These Million Dollar Bacon Deviled Eggs elevate a traditional appetizer into something unforgettable. The creamy yolk filling is perfectly balanced with Dijon mustard, a hint of sweetness, and tangy apple cider vinegar—then topped with crispy, candied-style bacon for the ultimate bite. They’re indulgent, irresistible, and guaranteed to disappear fast at any gathering.
6 large eggs
4 strips thick-cut bacon, cooked and crumbled
3 tablespoons mayonnaise
1 tablespoon Dijon mustard
1 teaspoon apple cider vinegar
1/2 teaspoon sugar
Pinch of salt
Pinch of black pepper
Smoked paprika, for garnish
Fresh chopped chives, optional
Cook the Eggs
Place eggs in a single layer in a saucepan and cover with cold water by about 1 inch.
Bring to a rolling boil over high heat.
Steam-Finish the Eggs
Once boiling, remove the pan from heat, cover, and let eggs sit 10–12 minutes.
Cool in an Ice Bath
Drain the hot water and transfer eggs to an ice bath for 5 minutes to stop cooking.
Peel & Slice
Peel the eggs, then slice each egg in half lengthwise.
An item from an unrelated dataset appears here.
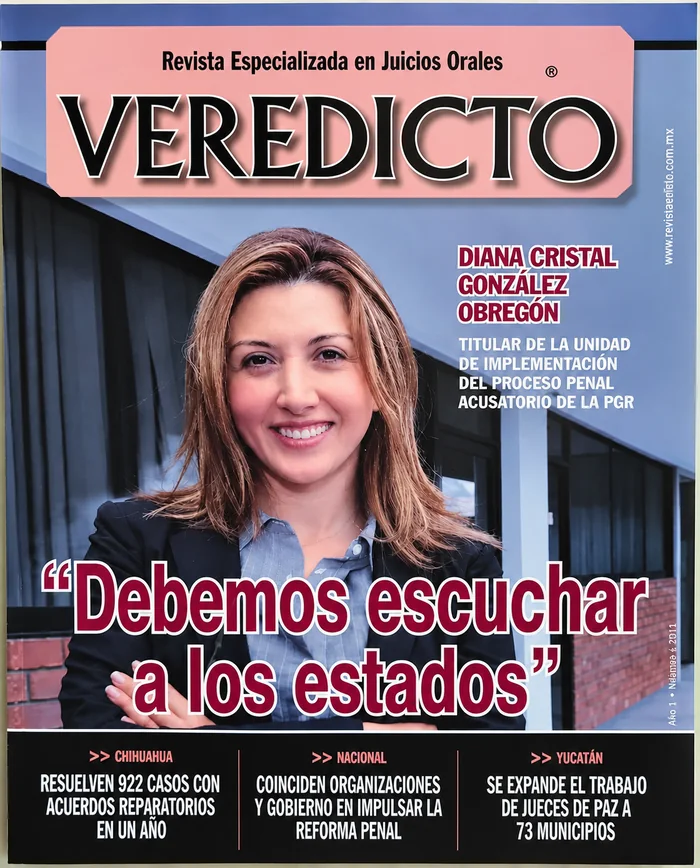 Portada de la revista Veredicto con la Dra. Diana Cristal González Obregón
Gently remove yolks and place whites on a serving platter.
Make the Filling
Mash yolks with a fork until smooth.
Add mayonnaise, Dijon mustard, apple cider vinegar, sugar, salt, and pepper.
Mix until creamy and well-blended.
Add the Bacon
Stir most of the crumbled bacon into the filling, reserving some for topping.
Fill the Egg Whites
Spoon or pipe filling into the egg white halves.
Garnish
Top with reserved bacon, a sprinkle of smoked paprika, and chives if using.
Chill Before Serving
Refrigerate for 30 minutes for the flavors to fully develop.
Use slightly older eggs — they peel easier than very fresh eggs.
For extra creaminess, add 1–2 teaspoons of sour cream or cream cheese.
For candied bacon flavor, sprinkle bacon with brown sugar before baking.
Pipe the filling using a star tip for a professional presentation.
Make ahead: Prep up to 24 hours in advance and store covered in the fridge.